ErDF, désormais rebaptisée Enédis, filiale à 100% d’EDF, assure environ 95% de la distribution d’électricité en France. Mais les 5% restants qui concernent tout même 3 millions de consommateurs répartis dans 2 500 communes, sont assurés par des entreprises locales : régies directes (services municipaux) ou indirectes, sociétés d’économie mixtes locales, société d’intérêt collectif agricole pour l’électricité (SICAE).
Elles emploient environ 7 000 salariés au total.
Certaines, outre la gestion du réseau de distribution, assurent également la fourniture d’électricité. De tailles très diverses, elles peuvent employer de 5 à 1 000 salariés chacune et en totalisent environ 7 000. On en compte beaucoup dans le Sud-Ouest et le Nord-Est du pays. Électricité de Strasbourg, l’une des plus importantes dont EDF est l’actionnaire majoritaire, compte 980 salariés. Mais dans le Tarn, par exemple, ce sont deux petites Régies qui distribuent et fournissent en électricité et en gaz la ville de Carmaux et ses environs.
Pourquoi les appelle-t-on des entreprises non nationalisées (ENN) depuis 1946 ?
Au lendemain de la guerre, la loi de 1946 a nationalisé plus d’un millier d’entreprises privées distributrices d’électricité mais a prévu un régime dérogatoire pour celles qui appartenaient déjà aux communes. C’est en effet dès le début du XXe siècle que ces dernières, constatant que les entreprises privées qui édifient les premiers réseaux électriques délaissent les zones rurales au profit des zones urbaines pour des raisons de rentabilité, décident de prendre les choses en main et d’organiser elle-même le service public de fourniture et de distribution d’électricité sur leur territoire. La loi de 1946 confirme d’ailleurs que ces Entreprises Non Nationalisées (ENN) doivent assurer une mission de service public. Leurs salariés sont couverts par le statut national unique des industries électriques et gazières, comme les agents de la grande entreprise publique née de la nationalisation, EDF-GDF.
L’ouverture à la concurrence des années 2000
Les délégués FO de cinq des plus importantes ENN étaient présents au congrès de la fédération FO Energie et Mines, du 30 mai au 3 juin, à Tours : Electricité de Strasbourg, de Metz, de Grenoble, Soregies pour Poitiers et enfin Seolis et sa filiale Geredis pour le département des Deux Sèvres, dont le délégué FO, Christophe Breuillat, est intervenu à la tribune.

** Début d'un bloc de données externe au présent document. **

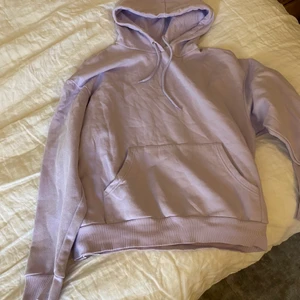Lila hoodie  - Jättefin lila hoodie från monki i fint skick, använd fåtal gånger💜💜  + frakt tillkommer 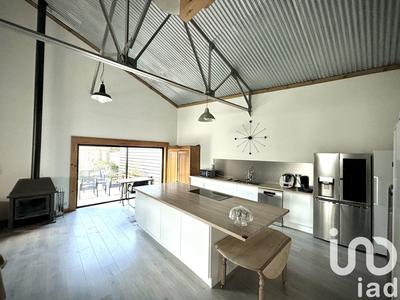 Maison - 200 m² - 5 pièces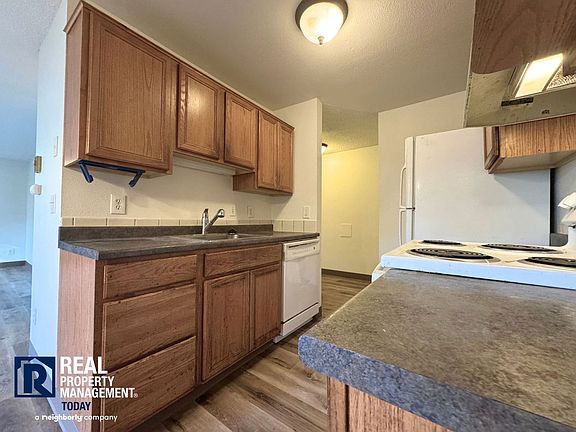 3rd image of 13402 98th Avenue Ct E APT D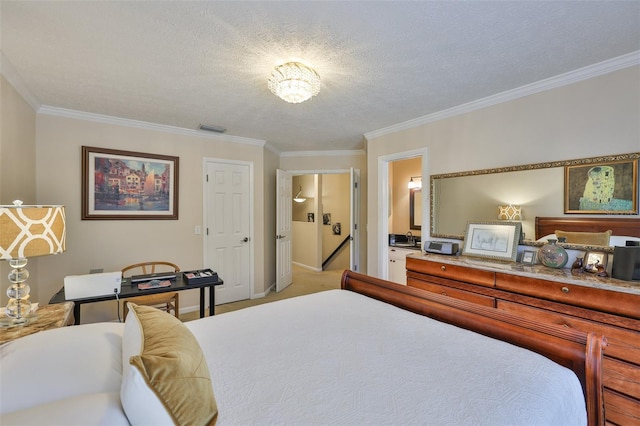 3053 S Concordia Ave Unit A, Tampa, FL 33629 - bedroom featuring a textured ceiling, ornamental molding, a chandelier, light colored carpet, and baseboards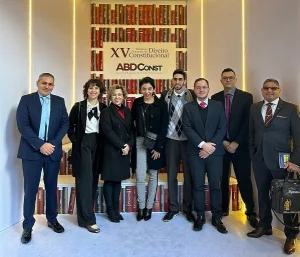 Mestrandos participam de evento da ABDConst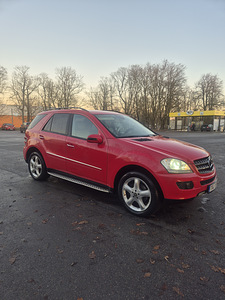 Mercedes-Benz ML W164 320 CDI (6 foto / 15)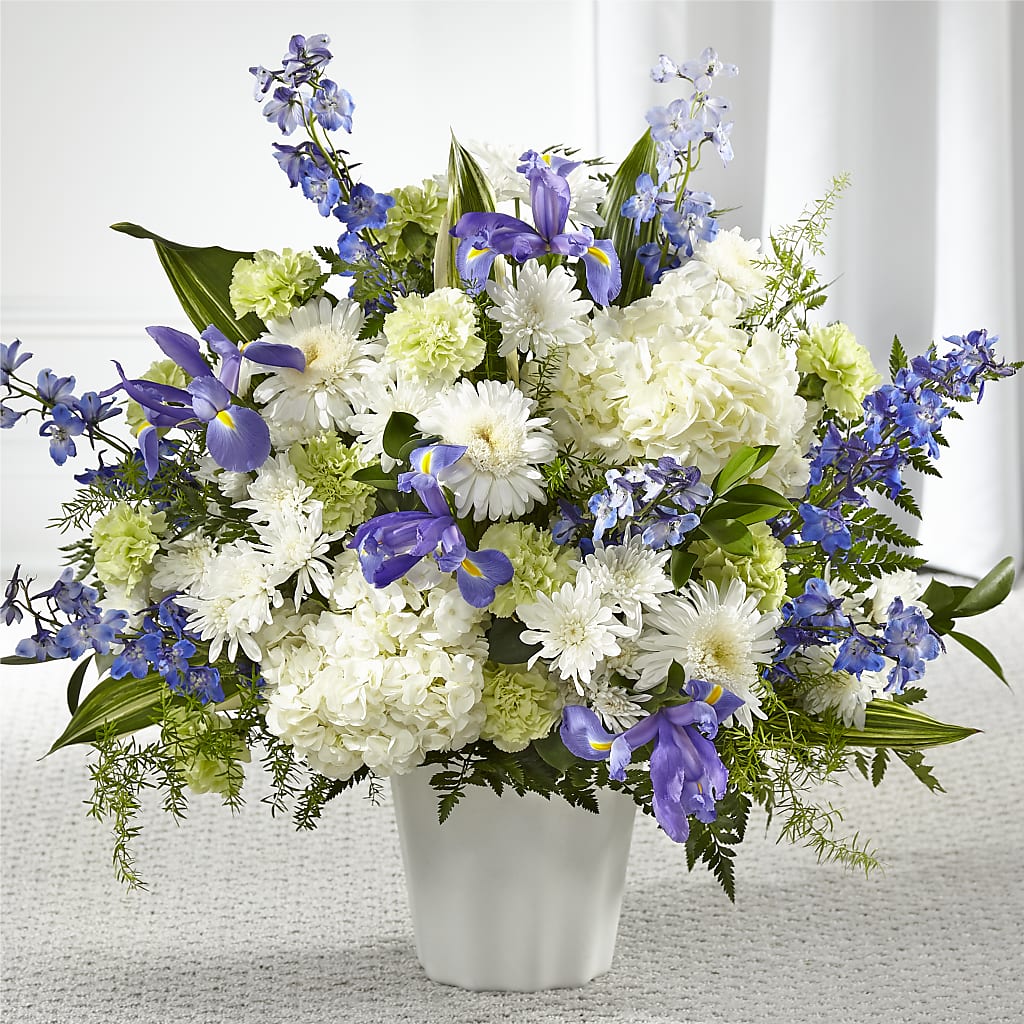 Soft Serenity Floor Basket – POTRATZ FLORAL SHOP & GREENHOUSES, Erie PA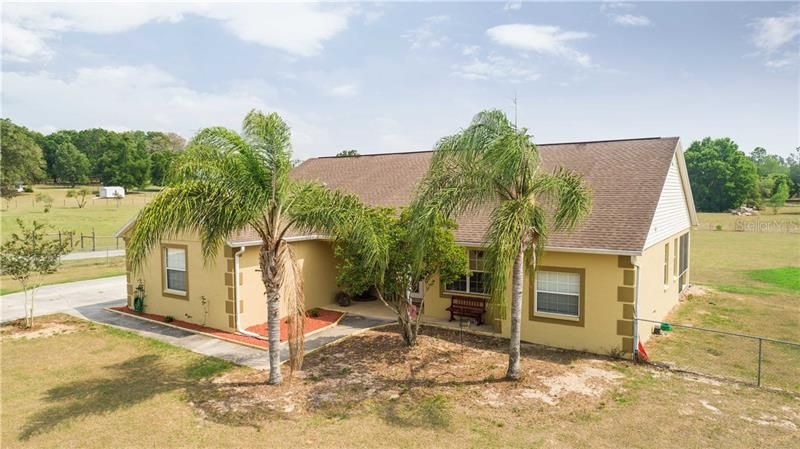 Recently Sold: $340,000 (3 beds, 2 baths, 2038 Square Feet)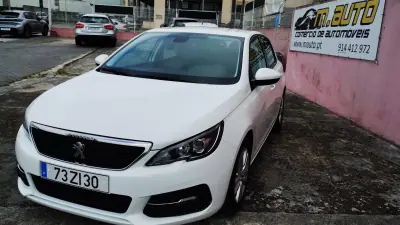 Peugeot 308 2019 - 11999 EUR, 99999 km - AUTO.MOTO.pt - 99999km - foto 9 de 35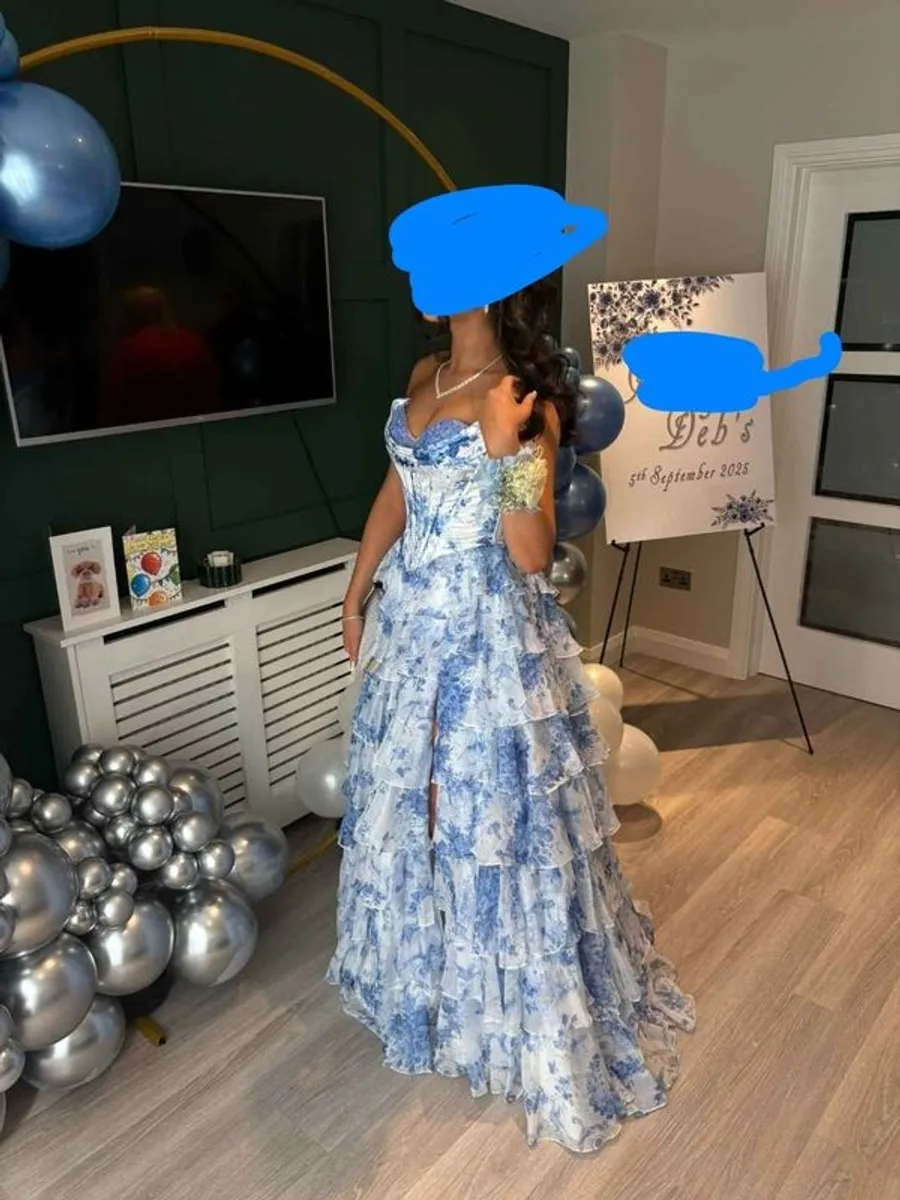 Debs Dress - Image 4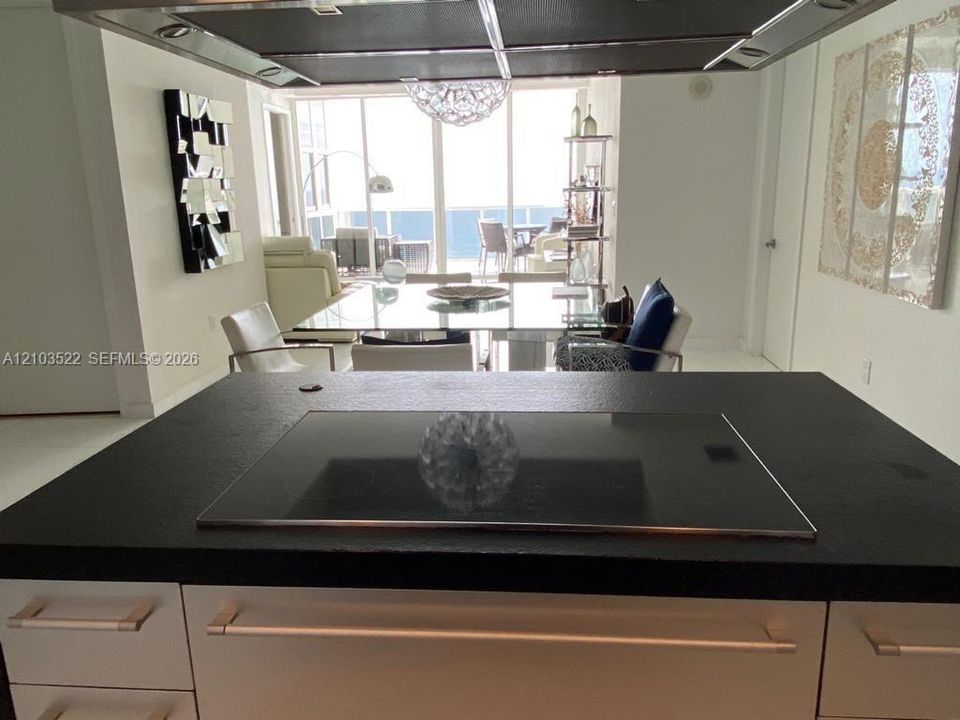 В аренду: $7,900 (2 спален, 2 ванн, 1614 Квадратных фут)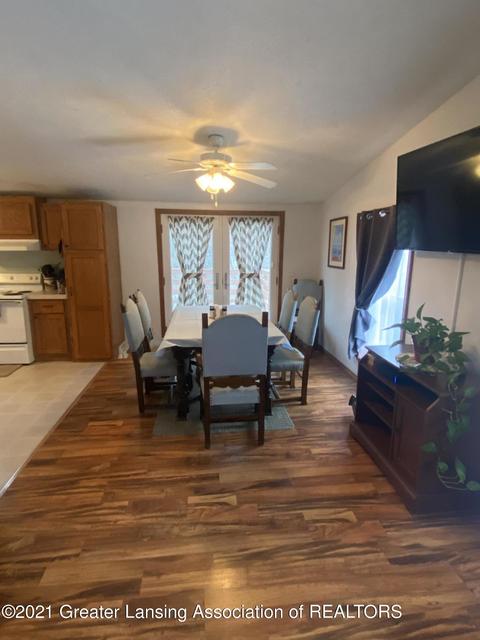 3219 Luetta Ave, Jackson, MI 49201 photo 5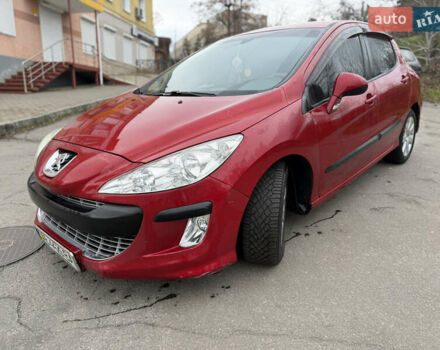 Червоний Пежо 308, об'ємом двигуна 1.6 л та пробігом 197 тис. км за 4000 $, фото 1 на Automoto.ua
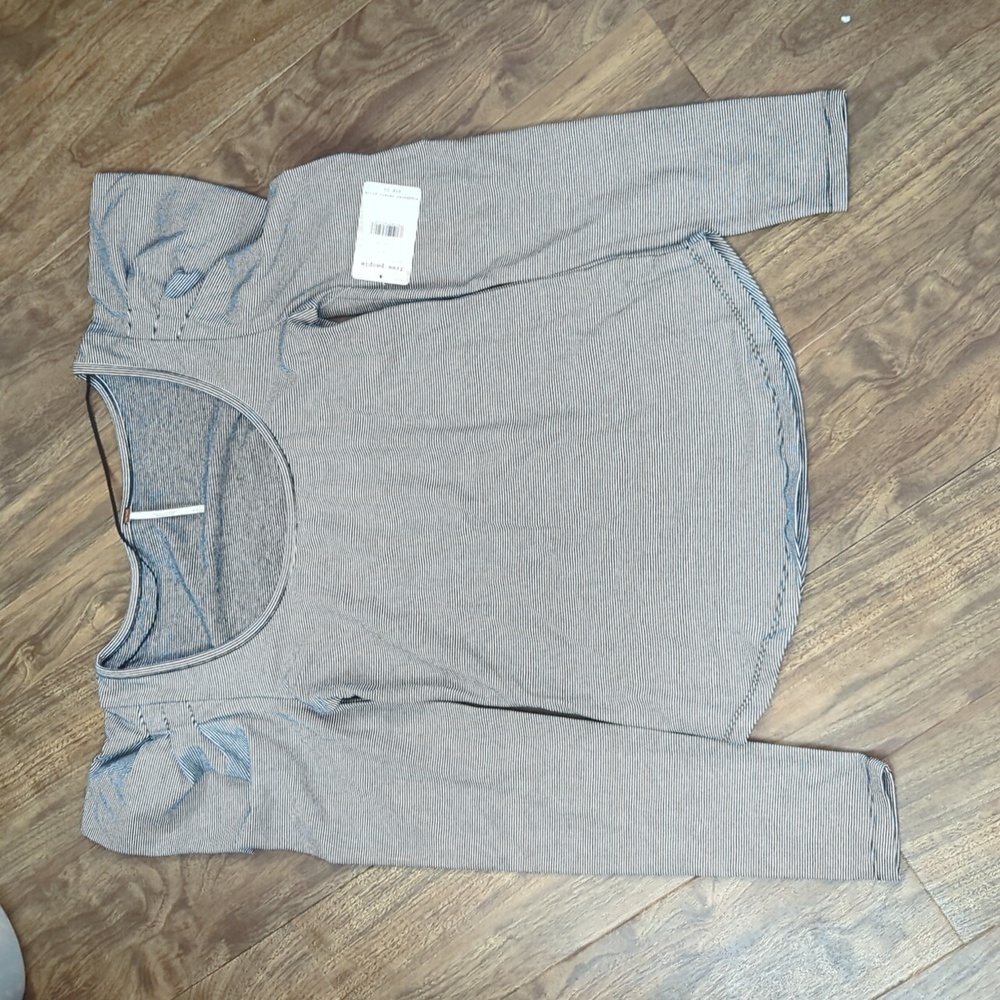 Free People Penelope Puff Sleeve Top - Picture 2 of 9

Séolis est un bon exemple du retour du secteur privé sur le devant de la scène, dans le cadre de l’ouverture à la concurrence dictée par les directives européennes depuis les années 1990.
Jusqu’en 2008 le SIEDS (Syndicat intercommunal d’énergie des Deux-Sèvres) prenait en charge à la fois la gestion des réseaux (entretien et extension) et la fourniture (la vente) de l’électricité. Mais le gouvernement, sous l’impulsion de Bruxelles, a obligé tous les opérateurs (EDF et les ENN) à préparer la séparation des activités de distribution (gestion du réseau),qui restent du domaine public, de la fourniture, la vente, désormais ouverte à la concurrence. La Régie du SIEDS disparait donc, remplacée par la société d’économie mixte Seolis. Le SIEDS abandonne ainsi la gestion directe au profit d’une gestion déléguée. Seolis créée une filiale, Geredis Deux-Sèvres, pour gérer le réseau de distribution.
L’équilibre du réseau et les acquis des salariés en danger
Christophe Breuillat a tenu à souligner à la tribune la solidarité entre les délégués de toutes les ENN. Il explique pourquoi : « nos entreprises travaillent de plus en plus en concurrence les unes avec les autres, une concurrence de plus en plus exacerbée depuis la fin des tarifs réglementés de vente aux gros clients, les entreprises. Aujourd’hui, pour gagner des parts de marché certaines baissent le prix de vente au point qu’il devient inférieur au coût de production et pour compenser, la variable d’ajustement est bien sûr toujours la même : nos emplois, nos droits, nos salaires ». Il soulève un autre problème. La loi de 1946 avait créé un Fonds de péréquation de l’électricité (FPE) pour que les entreprises gestionnaires du réseau de distribution excédentaires puissent aider les déficitaires, et assurer ainsi un équilibre du réseau sur l’ensemble du territoire national. Le coût d’exploitation en zone rurale où il faut couvrir beaucoup de kilomètres pour peu de consommateurs n’a en effet rien de comparable avec celui d’une zone urbaine. Mais le FPE a été réformé en 2004 et 2014 et son fonctionnement actuel, dénonce Christophe Breuillat, ne tient plus suffisamment compte de cette réalité et ne permet donc plus une réelle péréquation. « L’équilibre du réseau est véritablement en danger aujourd’hui », alerte-t-il.